Rincher, who came into the meet seeded 21st in the field of 24, was riding a wave of confidence after the relay.

“It warmed up my body real well and gave me great confidence that I was going to do well in my heat,” Rincher said. “I wasn’t really thinking about anything. Coach told me to not think about anything, to just go out and run. That’s what I did.

“My mind was free and I just did my thing. I finally broke that 10.21. I’m very excited and ready for the finals.”

He finished behind Texas Tech’s Divine Oduduru and Florida’s Hakim Sani Brown. They finished in matching times of 9.96 with wind aid of +2.8. Rincher’s 10.02 actually ranked seventh among the finalists.

“Bryand is as tough a competitor as we’ve ever had,” Braman said. “He’s just so raw. Once he irons our some things he’s going to be World Class. Freshmen aren’t supposed to run like that.”

Record-Setting Relay, Rincher’s 100 Lead Day 1

The Seminoles’ fast start to the opening day of competition came up just short of perfect when Ewers failed to advance from his semifinal round of the 200-meter dash. The senior finished sixth in heat 3 in 20.43; the 11th-fastest time in the field of 24.

“Dre got a quad cramp in the 200 that he just couldn’t recover from and make the final,” Braman said. “I’m gutted for him. He has one last chance to leave his mark in the 4×100 final.”

The Noles men will have three scoring opportunities when they return to action Friday, with second-seeded triple jumper Armani Wallace joining the 4×100 relay and Rincher.

The third-ranked Florida State women will hit the ground running, jumping and throwing Thursday, with 10 of their 11 qualifiers scheduled to compete.

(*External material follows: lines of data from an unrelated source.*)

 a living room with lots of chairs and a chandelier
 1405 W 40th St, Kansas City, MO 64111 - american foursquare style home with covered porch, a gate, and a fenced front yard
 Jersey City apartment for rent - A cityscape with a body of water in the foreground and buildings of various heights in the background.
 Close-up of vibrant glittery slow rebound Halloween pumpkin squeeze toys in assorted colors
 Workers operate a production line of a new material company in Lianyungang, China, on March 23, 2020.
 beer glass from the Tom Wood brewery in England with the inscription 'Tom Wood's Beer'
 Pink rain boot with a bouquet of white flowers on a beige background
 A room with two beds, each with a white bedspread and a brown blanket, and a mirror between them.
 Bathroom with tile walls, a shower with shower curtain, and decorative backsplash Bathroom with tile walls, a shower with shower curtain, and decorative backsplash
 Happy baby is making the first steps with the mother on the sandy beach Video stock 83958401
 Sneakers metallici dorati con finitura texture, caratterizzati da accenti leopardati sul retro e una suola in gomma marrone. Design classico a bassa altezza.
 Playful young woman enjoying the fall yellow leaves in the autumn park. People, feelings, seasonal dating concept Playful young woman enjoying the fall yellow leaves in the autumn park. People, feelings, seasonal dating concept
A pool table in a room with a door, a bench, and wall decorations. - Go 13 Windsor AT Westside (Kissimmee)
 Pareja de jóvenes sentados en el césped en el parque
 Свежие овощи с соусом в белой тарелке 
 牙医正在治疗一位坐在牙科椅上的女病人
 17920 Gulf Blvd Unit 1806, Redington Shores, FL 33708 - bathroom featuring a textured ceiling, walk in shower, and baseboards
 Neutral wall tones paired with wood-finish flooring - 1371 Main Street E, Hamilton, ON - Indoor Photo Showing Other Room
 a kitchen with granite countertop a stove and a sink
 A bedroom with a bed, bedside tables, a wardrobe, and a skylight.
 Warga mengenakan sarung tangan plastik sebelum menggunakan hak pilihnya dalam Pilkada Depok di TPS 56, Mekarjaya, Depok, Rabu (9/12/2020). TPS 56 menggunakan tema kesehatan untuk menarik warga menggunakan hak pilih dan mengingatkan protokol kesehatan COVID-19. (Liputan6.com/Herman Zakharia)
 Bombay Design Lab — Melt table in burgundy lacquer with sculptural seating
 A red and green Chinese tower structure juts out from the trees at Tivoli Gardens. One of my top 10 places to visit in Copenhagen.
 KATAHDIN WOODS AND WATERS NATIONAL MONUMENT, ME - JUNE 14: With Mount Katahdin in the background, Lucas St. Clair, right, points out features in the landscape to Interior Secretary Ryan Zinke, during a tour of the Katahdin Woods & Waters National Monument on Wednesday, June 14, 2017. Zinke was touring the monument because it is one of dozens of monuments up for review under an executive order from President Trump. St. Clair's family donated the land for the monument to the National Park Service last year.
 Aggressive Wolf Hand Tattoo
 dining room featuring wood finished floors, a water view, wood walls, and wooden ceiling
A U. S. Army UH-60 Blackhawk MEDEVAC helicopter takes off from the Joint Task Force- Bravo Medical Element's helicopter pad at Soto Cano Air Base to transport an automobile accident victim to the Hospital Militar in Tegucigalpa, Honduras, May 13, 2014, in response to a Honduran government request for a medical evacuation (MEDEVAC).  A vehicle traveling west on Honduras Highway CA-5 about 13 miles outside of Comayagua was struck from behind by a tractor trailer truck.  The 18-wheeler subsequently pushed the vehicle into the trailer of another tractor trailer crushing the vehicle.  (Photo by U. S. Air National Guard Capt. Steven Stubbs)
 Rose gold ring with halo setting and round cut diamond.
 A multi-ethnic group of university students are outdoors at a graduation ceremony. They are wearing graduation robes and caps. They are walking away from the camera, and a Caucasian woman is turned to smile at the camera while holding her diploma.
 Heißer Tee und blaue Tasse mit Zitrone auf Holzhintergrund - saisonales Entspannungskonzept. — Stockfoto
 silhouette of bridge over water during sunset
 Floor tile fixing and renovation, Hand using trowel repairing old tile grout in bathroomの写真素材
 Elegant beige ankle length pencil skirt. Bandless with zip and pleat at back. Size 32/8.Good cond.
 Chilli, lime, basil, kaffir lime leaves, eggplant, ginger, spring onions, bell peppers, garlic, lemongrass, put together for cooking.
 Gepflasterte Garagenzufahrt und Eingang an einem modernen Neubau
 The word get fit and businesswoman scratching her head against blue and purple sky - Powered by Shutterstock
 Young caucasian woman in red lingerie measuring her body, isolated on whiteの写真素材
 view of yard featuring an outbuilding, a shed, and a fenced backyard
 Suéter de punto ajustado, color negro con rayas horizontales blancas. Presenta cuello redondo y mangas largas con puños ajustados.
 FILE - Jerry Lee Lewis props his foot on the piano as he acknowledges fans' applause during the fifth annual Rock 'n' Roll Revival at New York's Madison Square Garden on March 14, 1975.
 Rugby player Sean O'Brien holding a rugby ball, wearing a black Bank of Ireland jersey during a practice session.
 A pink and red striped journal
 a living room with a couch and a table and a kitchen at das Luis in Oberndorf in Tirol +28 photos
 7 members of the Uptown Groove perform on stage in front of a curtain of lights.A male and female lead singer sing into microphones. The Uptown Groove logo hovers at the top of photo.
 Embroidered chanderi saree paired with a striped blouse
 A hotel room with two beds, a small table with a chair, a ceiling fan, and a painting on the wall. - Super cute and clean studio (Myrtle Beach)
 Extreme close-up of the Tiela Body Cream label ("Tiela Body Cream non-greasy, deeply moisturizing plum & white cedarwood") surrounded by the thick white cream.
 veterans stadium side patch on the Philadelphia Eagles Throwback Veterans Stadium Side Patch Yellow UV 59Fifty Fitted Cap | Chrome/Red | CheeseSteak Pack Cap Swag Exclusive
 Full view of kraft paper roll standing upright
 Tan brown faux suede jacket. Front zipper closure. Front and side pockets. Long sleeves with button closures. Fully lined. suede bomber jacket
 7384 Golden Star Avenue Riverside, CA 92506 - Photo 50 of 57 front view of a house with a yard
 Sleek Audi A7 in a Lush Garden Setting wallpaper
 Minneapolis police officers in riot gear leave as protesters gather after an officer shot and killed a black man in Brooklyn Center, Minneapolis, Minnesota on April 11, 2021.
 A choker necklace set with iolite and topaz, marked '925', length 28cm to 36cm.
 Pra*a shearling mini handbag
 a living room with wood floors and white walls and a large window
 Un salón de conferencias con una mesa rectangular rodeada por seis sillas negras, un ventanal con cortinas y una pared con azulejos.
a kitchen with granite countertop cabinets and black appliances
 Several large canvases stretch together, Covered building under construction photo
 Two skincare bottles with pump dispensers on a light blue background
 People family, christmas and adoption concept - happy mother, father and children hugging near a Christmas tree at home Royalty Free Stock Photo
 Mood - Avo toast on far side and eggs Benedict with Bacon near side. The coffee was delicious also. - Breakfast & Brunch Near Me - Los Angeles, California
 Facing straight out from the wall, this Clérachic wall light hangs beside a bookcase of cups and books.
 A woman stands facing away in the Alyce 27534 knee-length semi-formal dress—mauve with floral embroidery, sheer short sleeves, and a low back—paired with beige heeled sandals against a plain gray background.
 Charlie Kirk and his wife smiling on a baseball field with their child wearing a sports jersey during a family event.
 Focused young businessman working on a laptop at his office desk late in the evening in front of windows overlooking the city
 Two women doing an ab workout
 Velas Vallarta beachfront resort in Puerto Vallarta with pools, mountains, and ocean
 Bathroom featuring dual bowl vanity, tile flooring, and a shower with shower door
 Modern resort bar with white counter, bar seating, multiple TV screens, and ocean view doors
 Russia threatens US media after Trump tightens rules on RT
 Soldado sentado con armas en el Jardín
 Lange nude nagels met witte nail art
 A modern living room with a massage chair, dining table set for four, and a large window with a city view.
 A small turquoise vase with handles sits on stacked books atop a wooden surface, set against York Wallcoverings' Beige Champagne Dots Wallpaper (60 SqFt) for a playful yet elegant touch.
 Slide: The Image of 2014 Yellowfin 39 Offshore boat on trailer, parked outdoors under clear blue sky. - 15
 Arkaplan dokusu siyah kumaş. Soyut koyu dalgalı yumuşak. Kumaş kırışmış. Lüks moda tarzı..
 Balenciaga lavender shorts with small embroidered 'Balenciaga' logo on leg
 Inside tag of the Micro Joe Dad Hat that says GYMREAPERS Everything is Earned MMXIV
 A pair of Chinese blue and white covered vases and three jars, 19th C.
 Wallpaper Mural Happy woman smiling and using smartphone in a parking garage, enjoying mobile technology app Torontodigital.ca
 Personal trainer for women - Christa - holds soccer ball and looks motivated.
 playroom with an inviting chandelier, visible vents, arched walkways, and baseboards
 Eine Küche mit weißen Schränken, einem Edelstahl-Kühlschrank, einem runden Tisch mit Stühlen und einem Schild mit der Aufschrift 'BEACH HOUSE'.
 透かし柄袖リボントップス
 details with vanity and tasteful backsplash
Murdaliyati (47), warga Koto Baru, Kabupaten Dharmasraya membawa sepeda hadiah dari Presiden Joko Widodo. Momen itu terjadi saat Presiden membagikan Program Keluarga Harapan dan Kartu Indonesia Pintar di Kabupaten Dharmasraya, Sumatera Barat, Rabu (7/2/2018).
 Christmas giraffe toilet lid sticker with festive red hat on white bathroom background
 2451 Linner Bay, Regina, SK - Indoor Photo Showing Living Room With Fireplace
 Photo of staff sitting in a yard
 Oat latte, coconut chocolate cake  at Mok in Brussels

The Noles will have scoring opportunities in four events on the opening day, beginning with Veronika Kanuchova in the hammer at 5:30 p.m. (ET). The javelin final, with returning bronze medalist Lauri Paredes in the field, is set for 9:15, while Jogaile Petrokaite and Rougui Sow take part in the long jump final at 9:30. Militsa Mircheva puts a wrap on the scoring opportunities with the 10,000-meter final at 10:38 p.m.

In addition to the finals the Noles will have five semifinal entries, beginning with the 4×100 relay at 8:02 p.m. Cortney Jones (100 hurdles), Jayla Kirkland (100 dash) and Ka’Tia Seymour (100 and 200) will all be vying for spots in Saturday’s final.

Live television coverage begins at 9 p.m. on ESPN2 and all of the field events will be streamed live on ESPN3.